The Celtics have now won four straight overall and 12 in a row at home. In fact, Boston has won 10 of its last 13 and 18 of its last 24. The Celtics (37-25) were a .500 squad just 50 days ago after a loss to the New York Knicks, but now Boston sits in third place in the Eastern Conference at 12 games over .500. What's more, the Celtics own a two-game cushion -- and the head-to-head tiebreaker -- over the nearby Miami Heat in a quest for a prime playoff spot (one that might help Boston avoid the Cleveland Cavaliers as long as possible).

These Celtics might have a perpetual chip on their shoulder, but there are times when they play with some serious swagger while trying to convince the pundits that they are legitimate contenders. They're content to believe that no one believes in them.

"We'll constantly keep flying under the radar," said Jared Sullinger, who helped key Boston's third-quarter run with both his effort on the glass and scoring.

Most look at the Celtics' roster and wonder how Stevens -- the NBA's Eastern Conference Coach of the Month for February -- is getting his team to perform like it has. Boston owns a top-3 defense -- and nudged a little closer to the second-ranked Hawks with Wednesday's effort -- and an offense that has made tremendous strides since the start of the season (a 109.5 offensive rating over the past 10 games would rank among the top three in the league if maintained).

But the roster lacks the obvious star power that most NBA contenders boast. So these unheralded Celtics have embraced the idea that they play beyond what might be expected from the sum of their parts, with Stevens the ringleader with a magical dry-erase board in his hand.

Being overlooked is motivation for these Celtics.

"I think most of us have been [playing with a chip on their shoulders] our whole lives," said second-year guard Marcus Smart. "It’s nothing new to us. We understand we’re a young team and we have a lot to learn. But at the same time, we’re all competitors and we love to win, so we want to find a way to go out there and compete every night."

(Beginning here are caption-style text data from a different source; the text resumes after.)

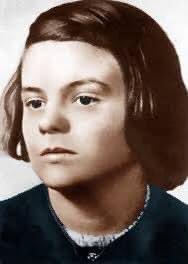 Remembering #SophieScholl, German Anti-Nazi activist.

21 year old Sophie was beheaded in the prison on 22nd Feb 1943.

Her last words : “Such a fine sunny day, and I have to go... What does my death matter, if through us, thousands of people are awakened and stirred to action?”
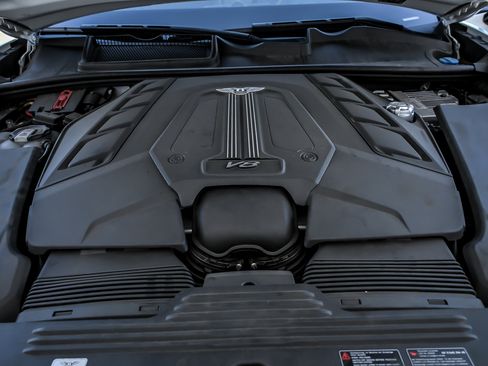 Used 2022 Bentley Bentayga AWD/4WD image 19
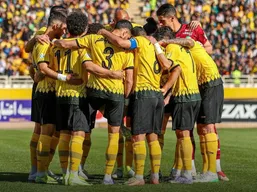 پوستر باشگاه سپاهان برای دیدار مقابل استقلال به سبک نکوداشت زبان پارسی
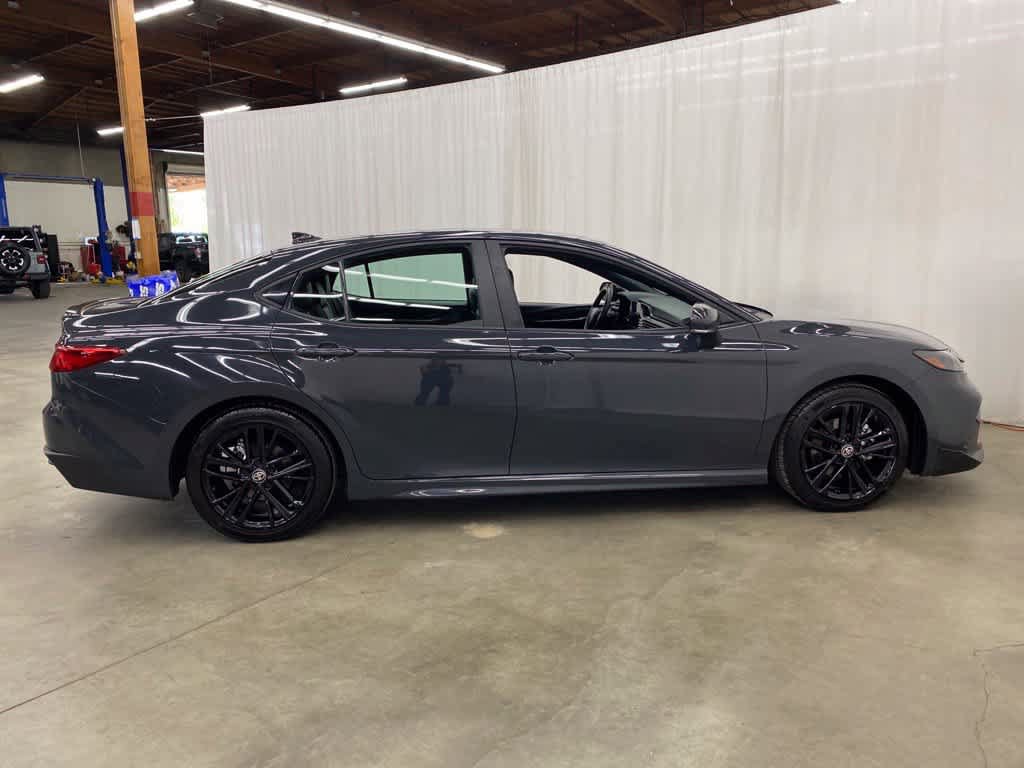 Used 2025 Toyota Camry SE FWD image 7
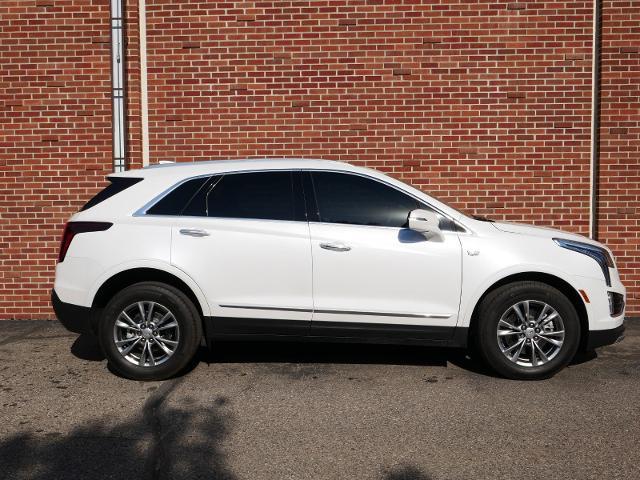 Used 2022 Cadillac XT5 Premium Luxury with VIN 1GYKNCRS3NZ134434 for sale in Edina, MN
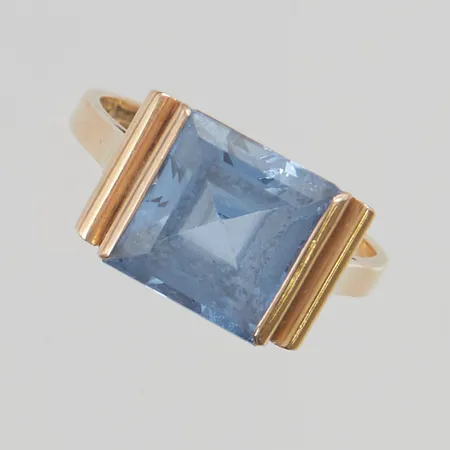 Ring stl:18 bredd 10mm syntetisk spinell 18K 5,2g.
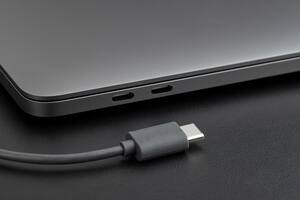 La nueva generación de cables USB C bajo la norma USB4 estarán identificados con un logo que permitirá distinguir su capacidad de carga y transferencia de datos, de hasta 240 W y 40 Gbps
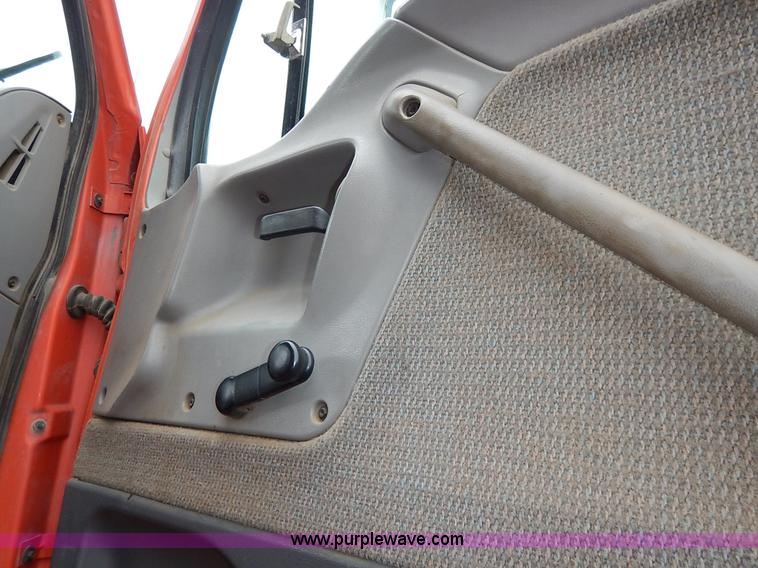 image for item K1666 1999 Sterling L9511 dump truck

Smart pairs with Evan Turner to give Boston a backup backcourt tandem that offers little drop-off when replacing starters Thomas and Avery Bradley. Jae Crowder might be the team's best two-way player -- this after he struggled to carve out a role in Dallas before arriving as a piece in the Rajon Rondo deal in December 2014. Sullinger has been a double-double machine during this recent stretch. Free-agent splurge Amir Johnson has thrived on hustle lately. And guys like Jonas Jerebko and Tyler Zeller are giving quality minutes off the bench.

"We’re all important. We’re a team. We all need each other," Bradley said. "We all do little things in order for us to be as good as we are."

And the Celtics savor nights like Wednesday, when they turn some heads by beating a team that finally had the rest of the league taking notice. Now, Boston will wait to see if eyes shift to them.

"You just want to compete and not back down from anyone," said Thomas. "[Lillard and McCollum] are two great guards and play a high level, but me and Avery love these type of games. We just like competing against the best. We did a pretty good job here. I'm just happy we got the win. I mean, that's the most important thing."